Selon le président du Réseau Aba System Restavek (ASR), Salomon Jean, ce document doit « créer les conditions d’une systématisation et d’une mutualisation de tous les savoirs et compétences accumulées » depuis des décennies concernant la protection des enfants en Haïti.

Il s’agit donc pour les responsables de développer une stratégie commune dans la lutte contre la domesticité infantile, un phénomène courant pratiqué dans les foyers haïtiens.

Grégory Gard - UN/MINUSTAH Grégory Gard - UN/MINUSTAH

Le projet, décrit dans ce document de 41 pages,  vise à « améliorer » l’action publique en matière de protection  des enfants contre ce phénomène et à « permettre à l’état de reprendre la main dans un contexte où les interventions non étatiques se réalisent sans contrôle ni coordination ».

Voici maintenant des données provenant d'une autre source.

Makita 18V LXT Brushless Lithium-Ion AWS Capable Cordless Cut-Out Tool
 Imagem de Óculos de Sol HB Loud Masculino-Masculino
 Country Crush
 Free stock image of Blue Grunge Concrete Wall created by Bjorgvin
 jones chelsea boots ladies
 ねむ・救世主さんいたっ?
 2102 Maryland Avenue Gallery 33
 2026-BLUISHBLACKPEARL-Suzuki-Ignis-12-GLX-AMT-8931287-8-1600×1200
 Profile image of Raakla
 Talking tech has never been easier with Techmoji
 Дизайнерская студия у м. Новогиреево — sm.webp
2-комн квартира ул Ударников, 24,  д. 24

Pour Perrono Junior, de l’Institut pour le bien-être social et de recherches (IBESR), le protocole permet de mieux coordonner la réinsertion des mineurs en domesticité – les ‘Restaveks - victimes d’abus. En effet, selon le texte, ses parents doivent suivre les différentes étapes prescrites dans le cadre de la réinsertion, comme le recours à la justice de manière à ce que la victime obtienne justice et réparation.

Il cite aussi le fait que le protocole propose la mise en place d’une base de données sur le problème de la domesticité qui pourrait servir à tous les secteurs intervenant dans le dossier. En effet, le phénomène, bien qu’il existe au grand jour, est l’objet de nombreux tabous qui le rendent difficile à quantifier.

Ce n’en est pas moins un problème « crucial » selon Norah A. Jean Francois, du Chapitre haïtien de l’Association internationale des femmes juges. En effet, les chiffres oscillent entre 250,000 et 400,000 les mineurs placés en domesticité, hors des foyers de leurs parents. Cependant la juge appelle au respect des normes déjà en vigueur.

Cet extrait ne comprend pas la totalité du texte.